Could the FTC Pass to the Torch to the Consumer Financial Protection Bureau to Oversee the Fintech Industry?
The change in the White House administration combined with a potential ground-breaking Supreme Court decision may move the oversight and enforcement for marketing by the fintech sector from the Federal Trade Commission (“FTC”) to the Consumer Financial Protection Bureau (“CFPB”). This would be a tectonic shift.
Up to the present, the FTC has been the primary federal watchdog prosecuting and investigating allegations of consumer fraud and deception in fintech. While the FTC has traditionally depended on administrative proceedings to prosecute perceived consumer harms, the FTC has increasingly relied on its authority under Section 13(b) of the FTC Act to bypass the administrative process and immediately seek relief in federal court. Though Section 13(b) explicitly references only injunctive relief, for the past decade, the FTC has aggressively pursued monetary relief in actions brought pursuant to Section 13(b). The FTC’s increasing pursuit of monetary awards in federal court under the invocation of Section 13(b) has been remarkable; according to estimates, the FTC has increased its pursuit of monetary penalties 23-fold, resulting in billions of dollars in recoveries. However, the Commission may soon find its preferred pathway is closed. In January, the Supreme Court heard oral argument in AMG Capital Management, LLC v. FTC, a case that will likely decide whether Section 13(b) in fact authorizes the FTC to seek monetary relief. Should the Court rule against the FTC – as many observers predict – the FTC will be required to engage in administrative adjudication instead of going straight to federal court if it wants to seek consumer redress in the form of monetary damages for deceptive practices.

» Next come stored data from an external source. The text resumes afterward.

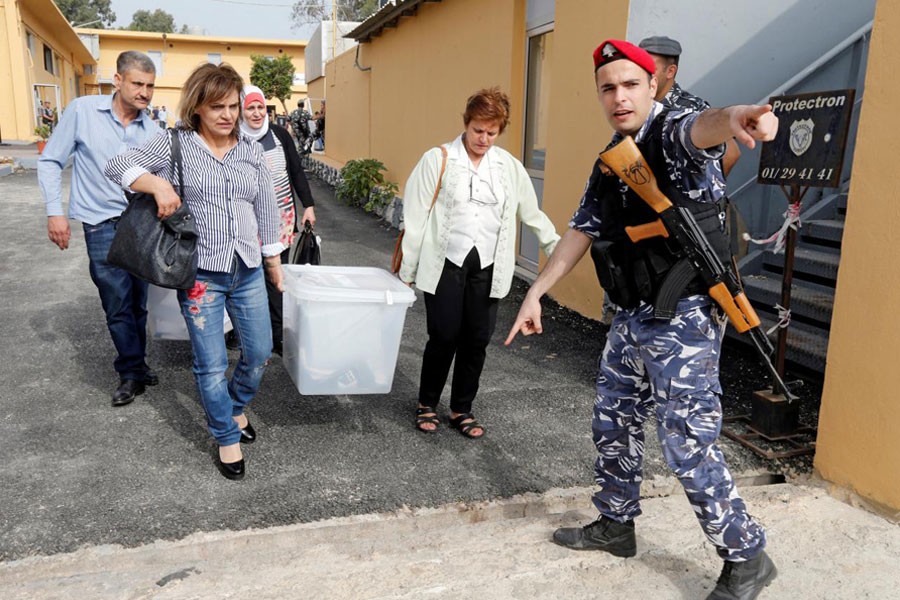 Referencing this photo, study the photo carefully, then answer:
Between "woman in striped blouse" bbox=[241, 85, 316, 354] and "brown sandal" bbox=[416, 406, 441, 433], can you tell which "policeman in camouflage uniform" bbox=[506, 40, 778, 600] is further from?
"woman in striped blouse" bbox=[241, 85, 316, 354]

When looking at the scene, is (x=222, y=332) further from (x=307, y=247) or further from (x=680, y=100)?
(x=680, y=100)

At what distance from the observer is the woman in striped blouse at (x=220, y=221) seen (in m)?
3.09

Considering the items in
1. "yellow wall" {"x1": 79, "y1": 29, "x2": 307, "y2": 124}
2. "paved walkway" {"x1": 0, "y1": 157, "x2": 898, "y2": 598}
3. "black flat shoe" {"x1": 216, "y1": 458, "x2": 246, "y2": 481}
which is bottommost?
"paved walkway" {"x1": 0, "y1": 157, "x2": 898, "y2": 598}

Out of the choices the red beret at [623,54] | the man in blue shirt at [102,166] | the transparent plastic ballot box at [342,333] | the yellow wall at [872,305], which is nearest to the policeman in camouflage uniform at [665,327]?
the red beret at [623,54]

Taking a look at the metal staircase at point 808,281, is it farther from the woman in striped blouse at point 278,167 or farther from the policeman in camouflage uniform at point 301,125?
the policeman in camouflage uniform at point 301,125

The timing and impact of the Supreme Court’s forthcoming decision may bring the CFPB to the forefront. Many have viewed the CFPB as a proverbial sleeping giant in terms of enforcement. Whereas the FTC’s Section 13(b) is silent as to monetary relief, the Consumer Financial Protection Act of 2010 (CFPA) 12 U.S.C. §§ 5565 explicitly provides that the CFPB can seek a broad array of relief including restitution, disgorgement, and various other forms of consumer redress. If the FTC’s enforcement strategy changes as a result of the Supreme Court’s decision, the CFPB is the most likely candidate agency to more aggressively supplement (or replace) the FTC’s dogged pursuit of consumer redress. Launched in 2011 in the wake of the financial crisis and authorized by Dodd-Frank, CFPB architect Elizabeth Warren initially described the new agency as the “single point of accountability” to serve as the “cop on the beat” enforcing consumer protection laws involving any entity offering consumer financial products or services. From a redress standpoint, the Obama administration prioritized monetary relief as part of its enforcement actions, generating nearly $5.6 billion in consumer recovery in 2015 alone. As reflected in the CFPB’s Enforcement Database, the Trump administration represented a shift in enforcement priorities, particularly with respect to remedies. Annual redress recoveries never exceeded $800 million, and penalties of $1 were commonplace.

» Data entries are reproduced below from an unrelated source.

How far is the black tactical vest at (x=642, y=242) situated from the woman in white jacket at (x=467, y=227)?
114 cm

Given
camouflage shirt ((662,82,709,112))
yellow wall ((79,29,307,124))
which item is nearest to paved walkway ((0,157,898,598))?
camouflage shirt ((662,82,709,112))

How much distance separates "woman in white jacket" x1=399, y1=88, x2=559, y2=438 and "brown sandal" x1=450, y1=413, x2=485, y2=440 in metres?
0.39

The Biden administration, however, is expected to revitalize the vitality of the Consumer Financial Protection Bureau, and has tapped current FTC Commissioner and former CFPB Assistant Director Rohit Chopra to serve as director of the CFPB.

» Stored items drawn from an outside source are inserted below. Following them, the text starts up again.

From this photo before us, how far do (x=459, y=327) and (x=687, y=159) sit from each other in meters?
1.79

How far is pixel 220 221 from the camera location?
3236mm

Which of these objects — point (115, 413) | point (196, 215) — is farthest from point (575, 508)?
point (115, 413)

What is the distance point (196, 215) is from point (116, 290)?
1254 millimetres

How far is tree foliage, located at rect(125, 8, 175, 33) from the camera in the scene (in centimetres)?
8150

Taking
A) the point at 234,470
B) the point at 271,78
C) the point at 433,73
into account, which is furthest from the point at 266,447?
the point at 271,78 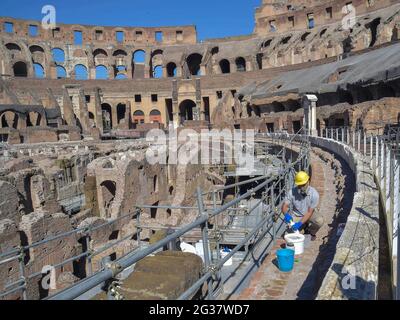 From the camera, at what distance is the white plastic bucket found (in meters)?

Should he be confirmed, Chopra will likely seek to expand and build upon the enforcement authority of the CFPB, including in areas traditionally under the FTC’s authority. Though it is impossible to predict his enforcement priorities, Chopra has offered a window into his views in his dissenting statement regarding the settlement in In the Matter of Midwest Recovery Systems, which involved allegations of unlawful debt collection and credit reporting practices. In his statement, Chopra highlighted ineffectiveness of the FTC’s “go it alone debt collection enforcement strategy” as “frequently lead[ing] to outcomes” where consumers receive little or no redress. Chopra then recommended that the FTC should work alongside the CFPB to prosecute debt collection abuses. Chopra also suggested that the CFPB, and not the FTC, should be enforcing abuses in the mortgage, debt collection, and credit reporting markets. According to Chopra, although the FTC retained enforcement authority in those areas under the Fair Debt Collection Practices Act and the Fair Credit Reporting Act, the CFPB was better positioned than the FTC to “reform this market,” rather than through the FTC’s “one-off case-by-case enforcement.” Chopra added the CFPB can both use its broad rulemaking authority to “define unfair, deceptive, and abusive practices” and also offer consumers relief through avenues like the CFPB’s Civil Penalty Fund. Chopra’s dissent made clear that he viewed the CFPB as an underutilized (and perhaps better equipped) agency to address issues of both rulemaking, enforcement, and redress. That view may only be reinforced if the Supreme Court further limits the scope of FTC enforcement.